Seated: Joshua Hicks (Family Based Care North West), left, Vanessa Cahoon (City Mission Launceston), Christine Hepburn, Chair of DRSC Northern Committee (The Defining Edge) and Drew Burns (Cinco Passiones) Standing: Lieutenant Commander Stephen Hurd (Royal Australian Naval Reserve), left, John Wylie (Pitt & Sherry), Mark Hassell (Scotch Oakburn College), Lieutenant Chris Jordan (RANR).

The Australian Maritime College has played a key role in giving business leaders a greater understanding of the benefits that can flow from employing Navy Reservists.

AMC played host to the Defence Reserve Support Council’s Employer Challenge Day, where Tasmanian business people gathered for a fun and challenging experience, which focussed on developing personal and survival skills within the Australian Defence Force environment.

Utilising the world-class facilities at the AMC Survival Centre, the participants were able to train like a Navy Reservist first-hand, gaining a better understanding of the role of a Reservist, their training and the benefits they can bring to an organisation.

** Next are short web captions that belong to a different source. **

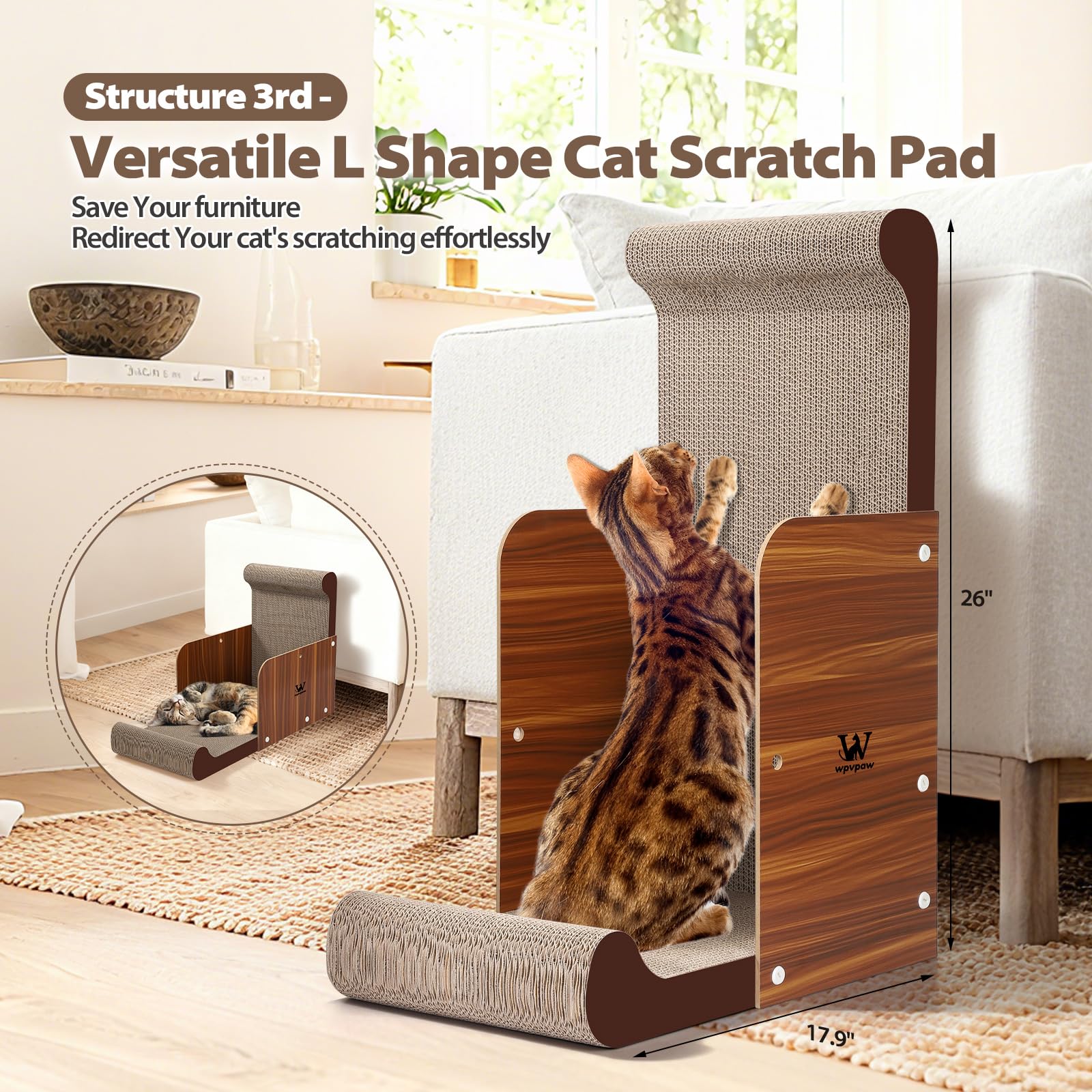WPVPaw convertible vertical scratching board demonstrates versatile configurations for multi-cat homes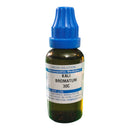 Bottle of Kali Bromatum 30C liquid dilution with blue cap on a white background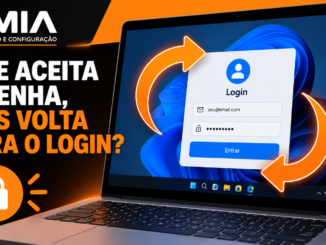 Notebook Com Windows 11 Exibindo Uma Tela De Login E Setas Laranjas Circulares Que Representam Um Loop De Autenticação.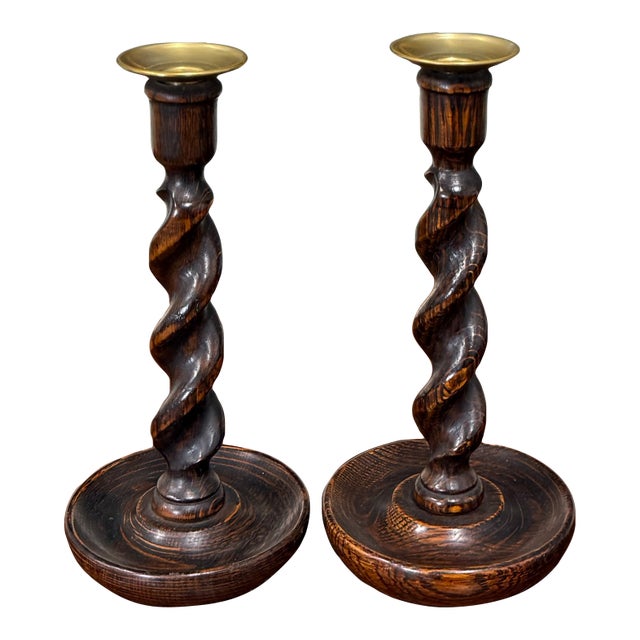 Antique English Barley Twist Candlesticks Candle Holders Oak Pair 10.5" Tall For Sale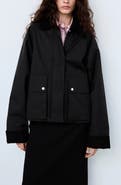 MANGO Cotton Blend Barn Jacket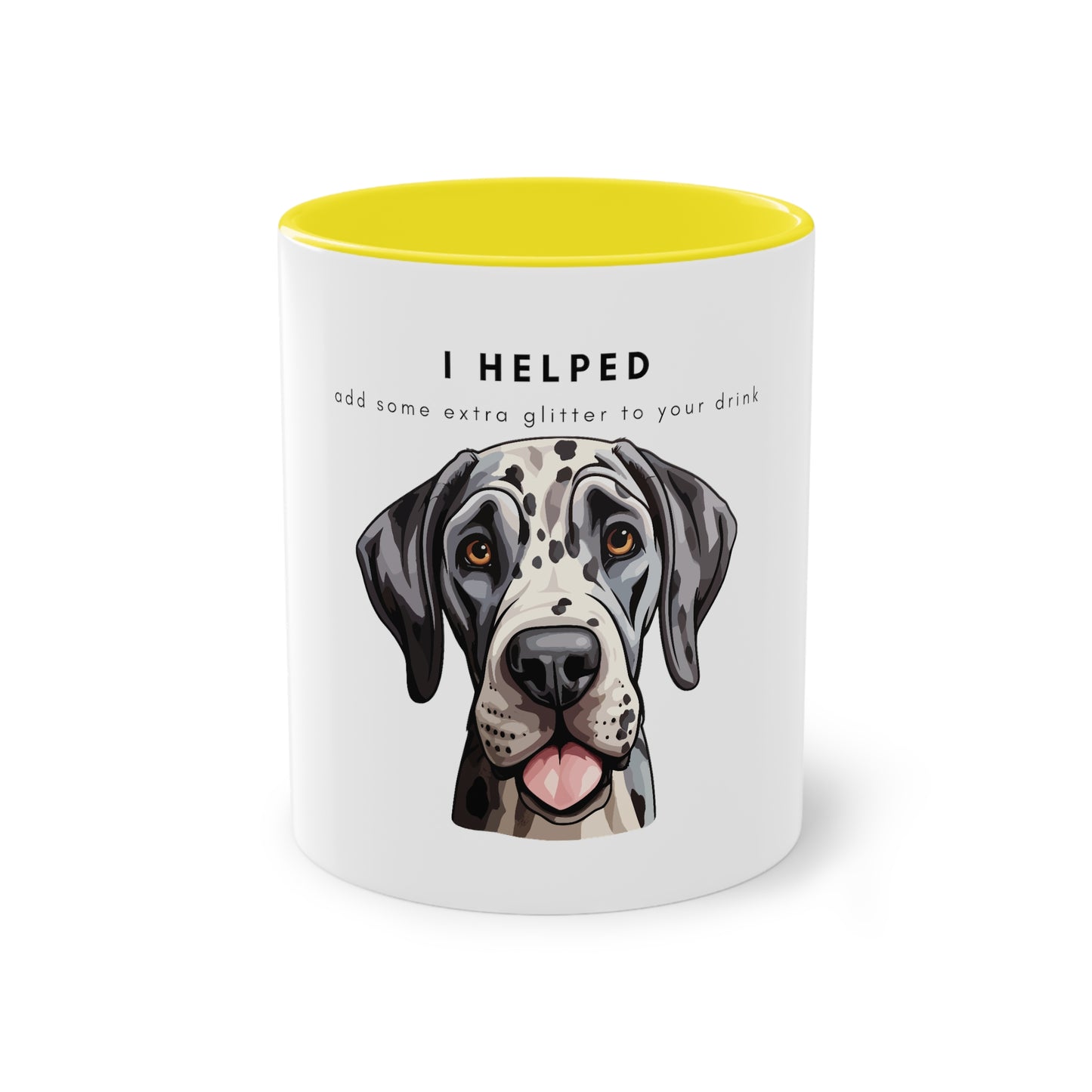 I Helped Add Glitter Great Dane Tongue Out Two-Tone Coffee Mug, 325ml - White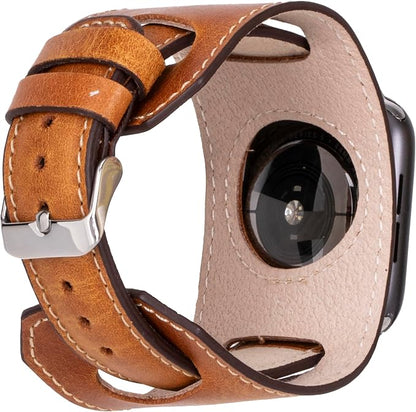 HARDISTON Cuff Watch Band Compatible with Apple 49mm for men & women, Handmade Genuine Leather, Compatible with iWatch Series 11 10 9 8 7 6 5 4 3 2 1 SE Ultra, Wrist Bracelet Band, Large/Band-Amber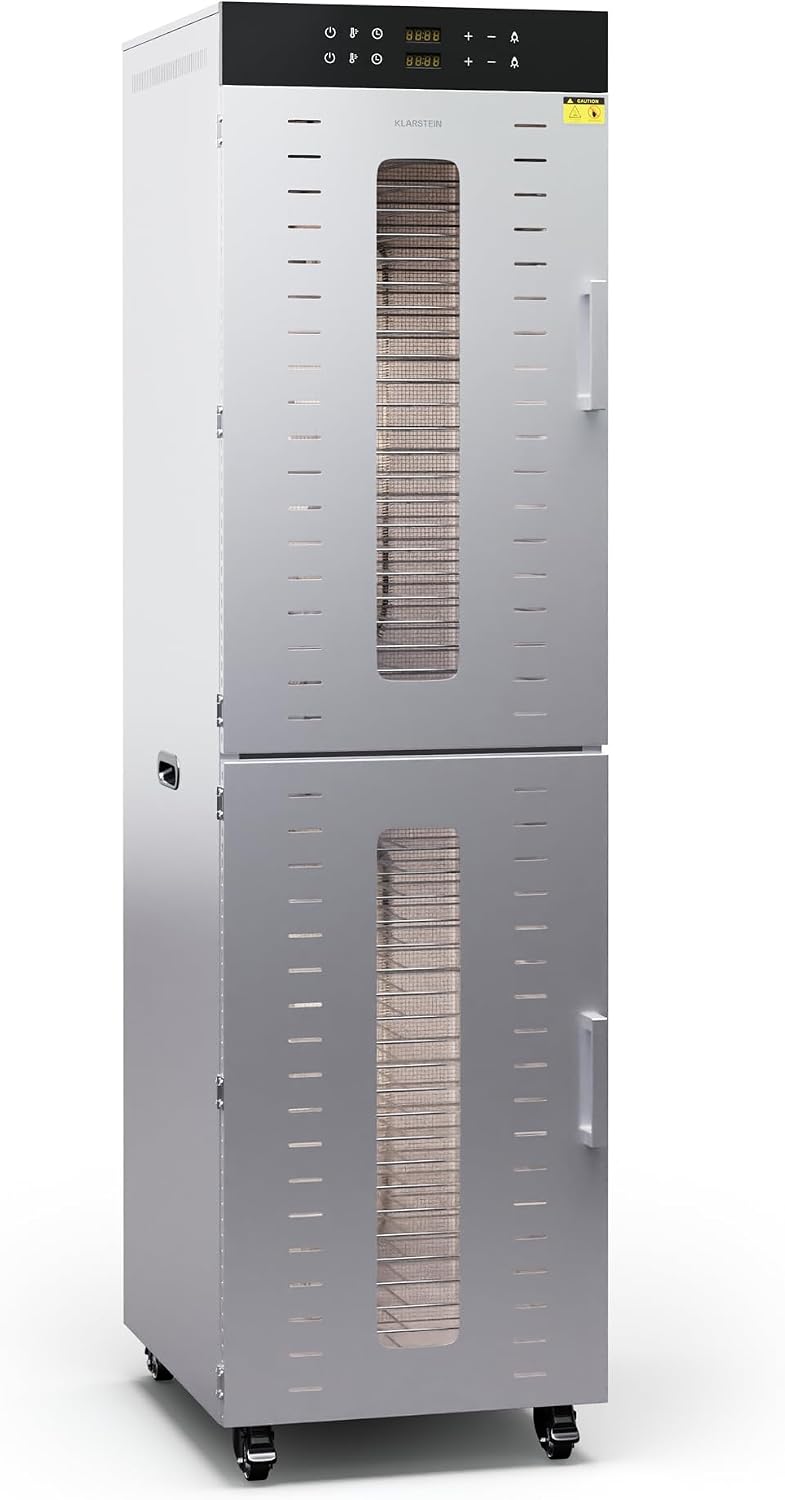 Klarstein Dörrautomat Edelstahl, 4.000-W-Dörrgerät, 24-Stunden-Timer, 30–90 °C, 50–55 dB, für Obst, 48 Edelstahl-Einlegeböden, 6 Ventilatoren, Gemüse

Over four hours, the trainees learnt marine survival techniques and military communication skills and participated in a ship abandonment and decision making exercises.

The group also activated an inflatable raft, practiced surviving the elements and on completion, were rescued by simulated aircraft and winched to safety.

Understanding what’s involved for an organisation when it comes to employing staff who are members of the Defence Force Reserves might appear difficult, but gaining that insight is facilitated by the Defence Reserves Support Council (DRSC).  The mission of the DRSC is to establish and maintain a flexible and supportive partnership between Defence and the community, industry and employers to sustain and enhance the availability of the Reserve component of the Australian Defence Force.

Like many other employers around the country, the University of Tasmania, and AMC’s commercial arm AMC Search, are registered as supportive employers of Defence Force Reservists.  In a gesture of corporate good will they have pledged their support for the important role that Reserve Forces play in the defence of Australia’s national interests.  The University has policies in place that define the processes and considerations involved in releasing staff members from their usual role in order to render periods of Reserve service.

The University also has a policy to support students who need to take Defence Reserve leave, or need a level of flexibility to perform Reserve service.